On one hand, it's a very kinetic presentation. Sight, sound, and motion. Nearly all of it could have been done in Keynote. (Do I need to add that nearly all of it couldn't be done in PowerPoint?) So yes, it's very flashy. And it beats traditional content-delivery presentations by a mile.

But for my tastes, it's too much. Too much information (mostly trivial), too fast. Too many wind-whoosh sounds to emphasize how quickly the information is whipping by.

Maybe I'm missing the point. Maybe this series is all about a big clusterdump of trivia presented as infotainment. If that's what it's trying to do, it does it well.

See for yourself.

OK, now let's get at the errors.
1. The "90% of people who are struck survive" line is terrible. The stat may be true, but the vast majority of those survivors suffer permanent, debilitating injuries.
2. With so many stock photos of cars, why did they have to choose a ragtop Cadillac? A convertible may not be so safe if struck by lightning. Better to have metal over your head. Canvas makes a lousy Faraday cage.

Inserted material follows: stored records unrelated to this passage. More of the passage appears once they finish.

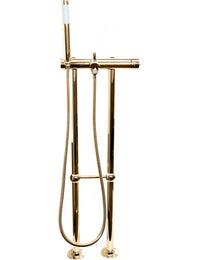 Colonna doccia a colonna SEINA con doccetta in ottone cromato dorato H. 85 cm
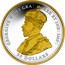 Canada 20 Dollars First World War Allied Forces 2018 Proof; Selective gold plating GEORGIVS V DEI GRA: REX ET IND:IMP: 20 DOLLARS B.M. coin obverse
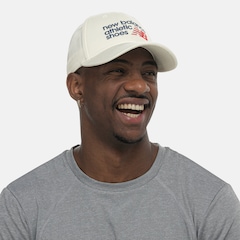 Boné Adulto New Balance 6 Panel Athletics Aba Curva - Foto 2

Tuesday, September 07, 2010

You CAN take the sky from me

A few years ago, I took a stubborn (er, "principled") stand against CompUSA. I wanted to buy a simple item from them, but the clerk would not complete the transaction unless I supplied personal information. Legal tender was insufficient. I bid her "good day" and walked out of CompUSA for my very last time. I purchased the same item across the street at Best Buy. I gave them money; they gave me the item. So old-fashioned.

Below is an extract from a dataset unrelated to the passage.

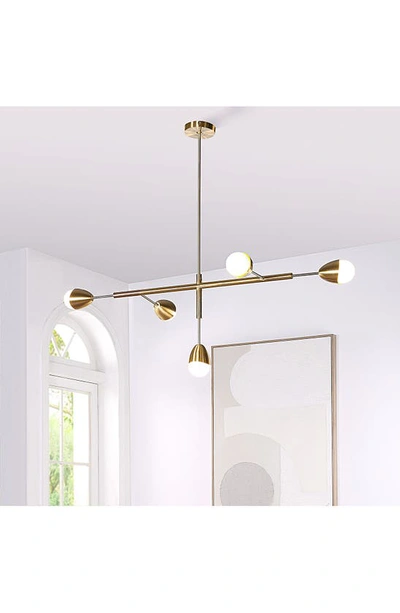 Renwil Naura Ceiling Light Fixture In Satin Brass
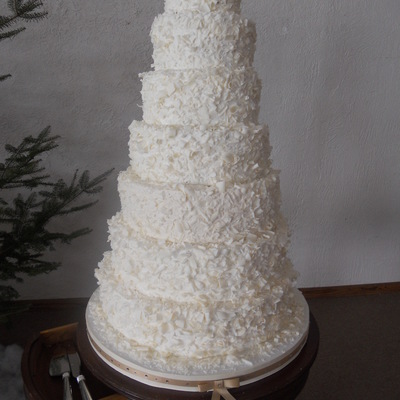 7 Tiered Wedding Cake on Cake Central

Months later, CompUSA declared bankruptcy.

Tonight I tried to buy air at Target. A simple can of compressed air to clean the filter in the LCD projector I use at school. "I need to swipe your ID," the clerk demanded. "Why?" I asked. "Kids get high on the compressed air." "And you can see I'm not a kid; but here, here's my driver's license." I flashed her the ID. "No, I need to swipe it." "If you can't see than I'm not a kid looking to get high, I'm afraid I won't be able to do business with you. So why don't you go ahead and keep all these items?" I had some other stuff to buy, but nothing was such a crisis that I needed it at that moment.

I'm not a fan of surrendering more than money in exchange for goods at stores. I have no idea what they do or don't do with swiped driver's license data. But I do hear about identity thefts involving crooks who abscond with hard drives/data collected by merchants.

The merchants always apologize profusely for letting someone steal your personal information. But there are never legal/monetary consequences for them. So they don't feel compelled to protect the data as best they could.

If I decide to stay away from Target, I'm pretty sure they'll be OK without me. And if I can't buy air anywhere else without an ident card swipe, I'll be back to Target in no time. Otherwise, I simply can't do business with a merchant as paranoid as they are are stupid: a dumb nannystore.

A quick local news story on the swipe. Warning: it's a local news story...

But my immediate concern? How am I gonna get my buzz on without a can of air?